CREAMY ASPARAGUS FILLING


130g or 1 cup of raw cashews

210 mls or 1 cup asparagus water (if using canned asparagus, if using fresh asparagus use cool distilled water)

300g silken tofu (water drained)

3 heaped tablespoons nutritional yeast flakes

1 tablespoon onion flakes

2 heaped tablespoons cornflour or thickening agent

1/4 - 1/2 teaspoon kala namak (black salt) * see note, or Himalayan salt to taste

1/4 teaspoon turmeric powder

3/4 of a massel cube (vegetable or chicken like stock cube)

1/4 + 1/8 cup of coconut cream

110g or 1 cup shallots finely sliced

425 g asparagus cuts


NOTE: Kala namak, volcanic rock salt also called (Black salt) is a light shade of pink with a strong egg like flavour. Add a little at a time as it strong tasting of salt




METHOD

* In a high powered blender add cashews, asparagus water, silken tofu, yeast flakes, onion flakes, cornflour, salt, turmeric, stock cube and coconut cream blend until silky smooth.

* Place asparagus cuts into a large bowl, keep some aside for the garnish.

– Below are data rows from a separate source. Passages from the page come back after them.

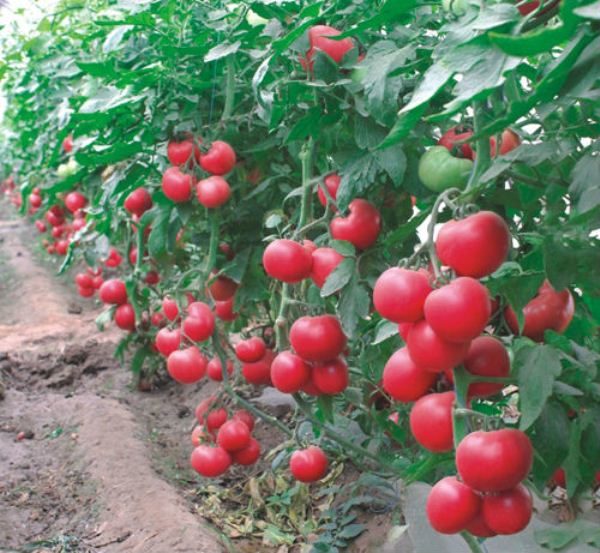  Малкият храст от червен джинджифил от домати е способен да донесе щедра реколта.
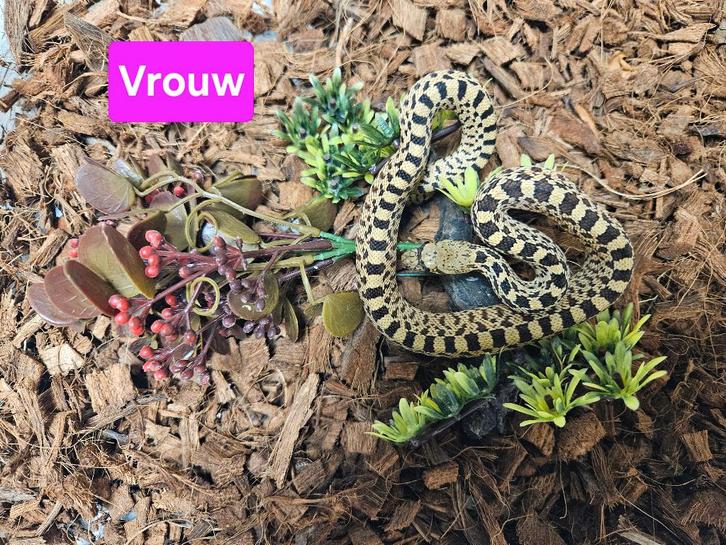 Pituophis catenifer sayi Stierslang, Dieren en Toebehoren, Reptielen en Amfibieën, Slang, 0 tot 2 jaar
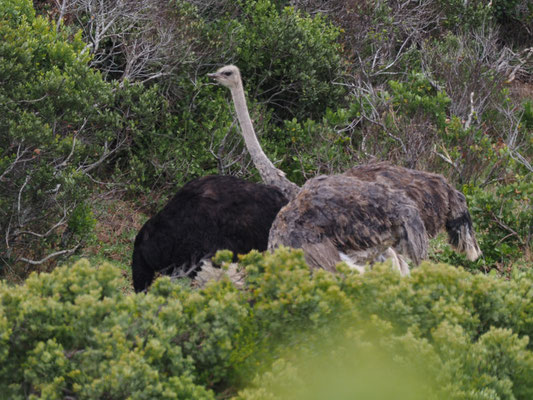 Strauß, common ostrich, struthio camelus - südafrika
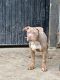 American Bully Puppies for sale in Surrey, BC, Canada. price: NA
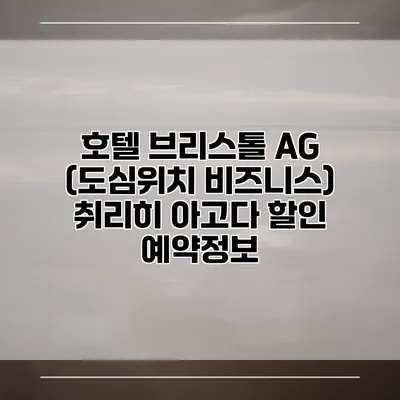 호텔 브리스톨 AG (도심위치 비즈니스) 취리히 아고다 할인 예약정보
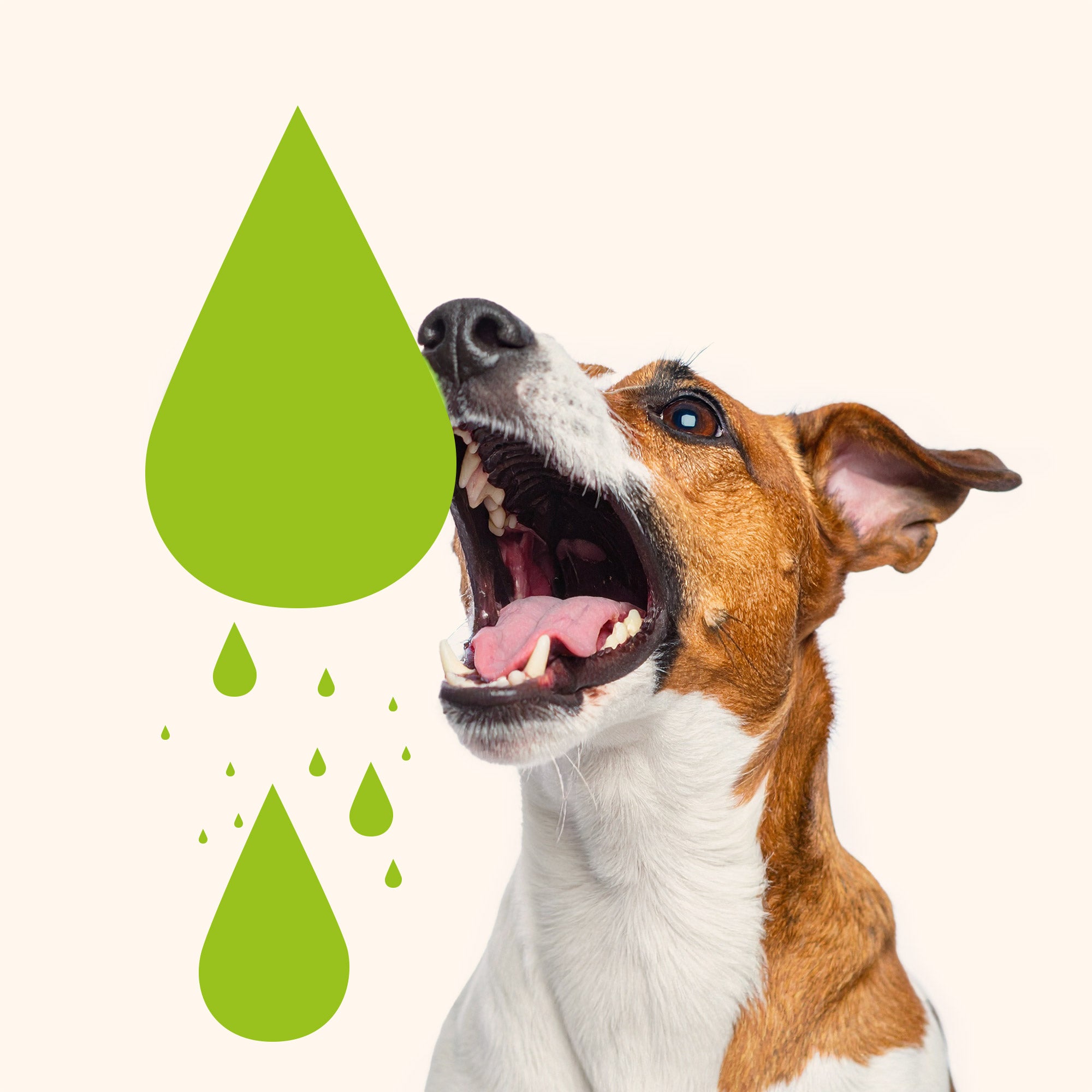 Ein Hund schnappt voller Erwartung einen illustrierten grünen Tropfen Big Blue Dogs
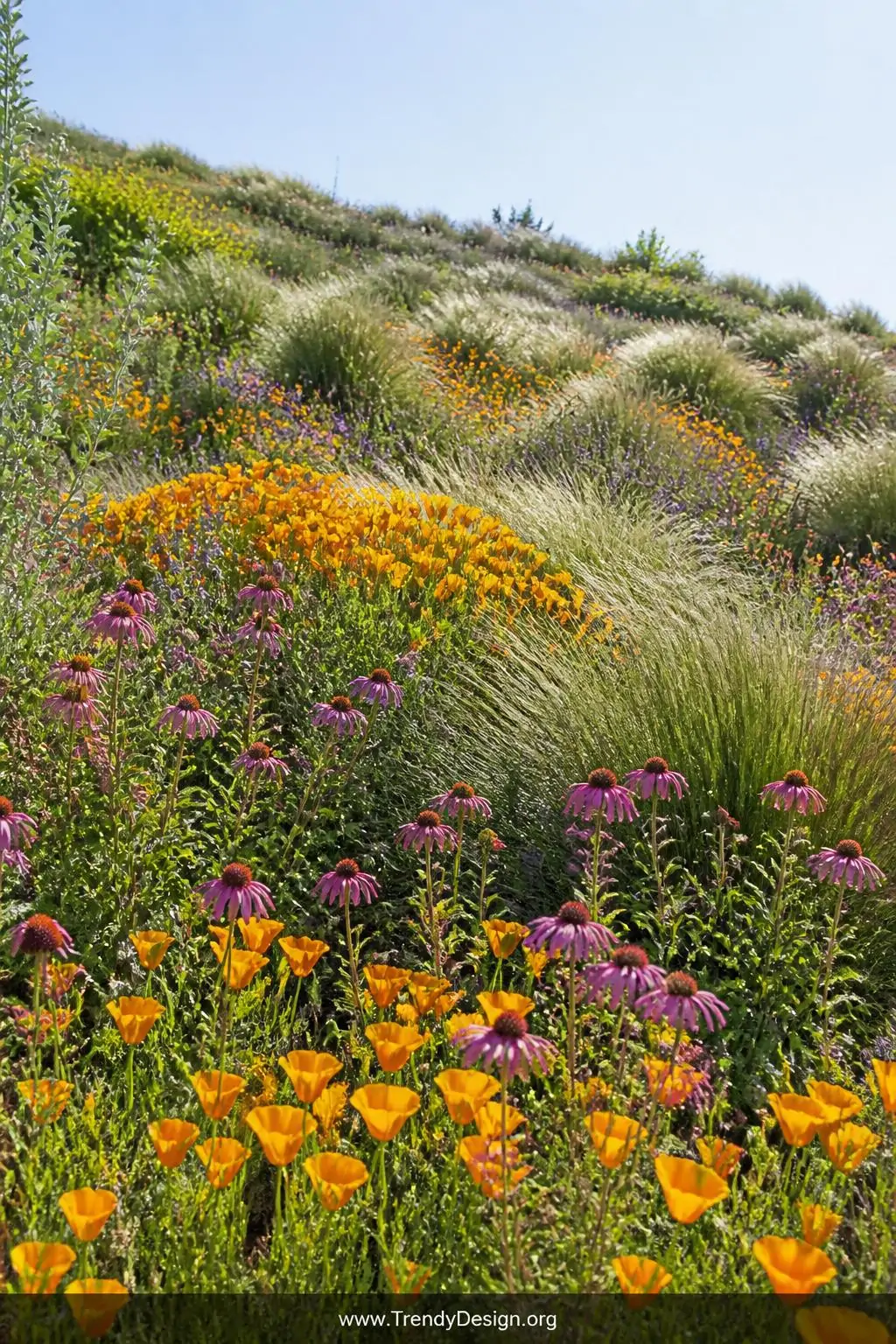 Wide photorealistic shot of a gently sloping hillside completely naturalized with a sweeping wildflower landscape, waves of o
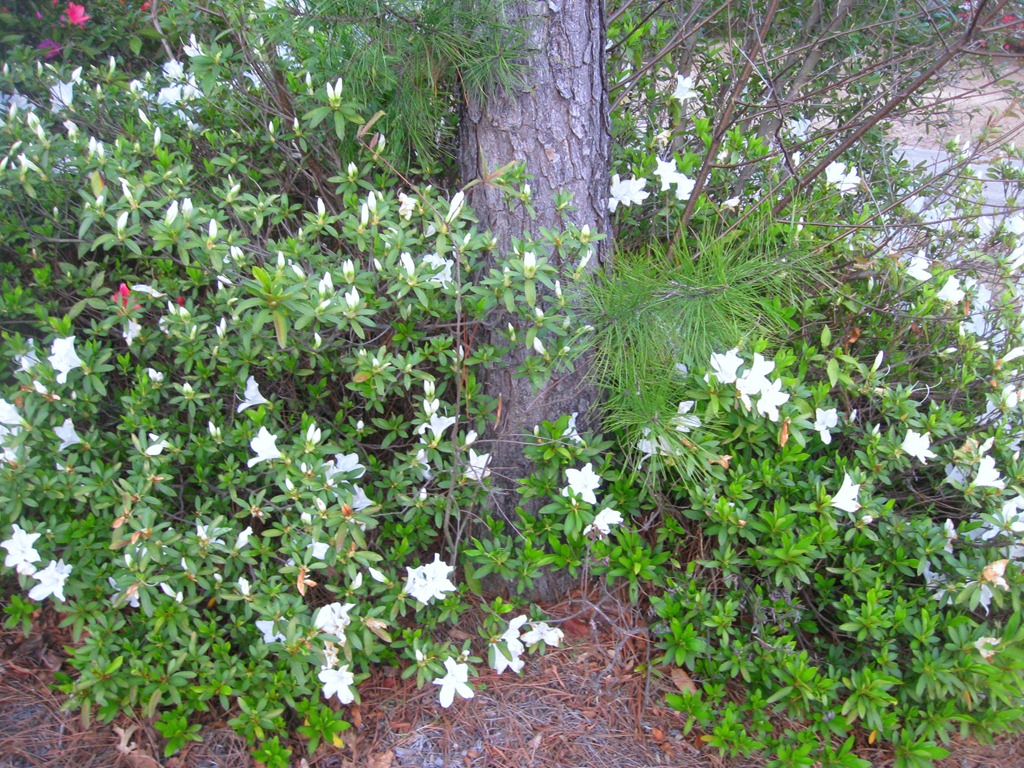 [early%2520spring%2520001%255B4%255D.jpg]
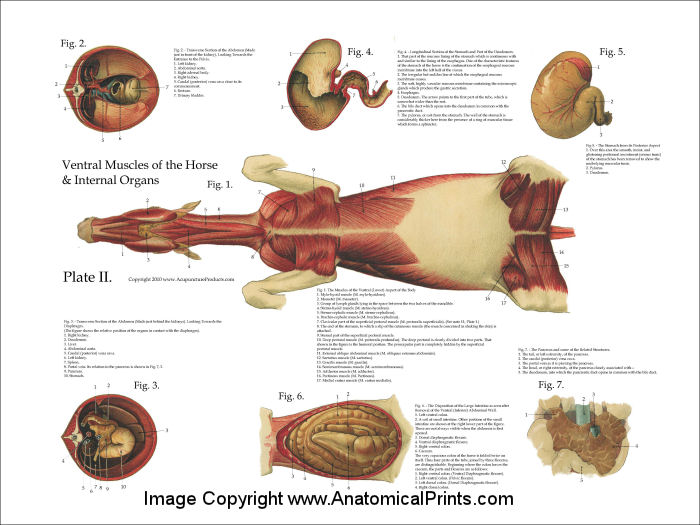 Horse Muscles and Viscera Anatomy Poster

Pour over blended mixture and fold through gently to prevent asparagus breaking up.

*Take finely sliced shallots and arrange on the base of pre baked crust.

* Pour filling into pre baked quiche crust.

*Arrange asparagus cuts on top of filling.

* Return quiche to oven and continue baking at 180 degrees celsius.

*Check half way through cooking, turn pan around if needed for even cooking.

*After 45 minutes test doneness with a toothpick or skewer.

*Remove from oven when done.

*Set aside and let quiche rest for at least 25 minutes before moving to a serving plate.

*When serving slice with a sharp knife.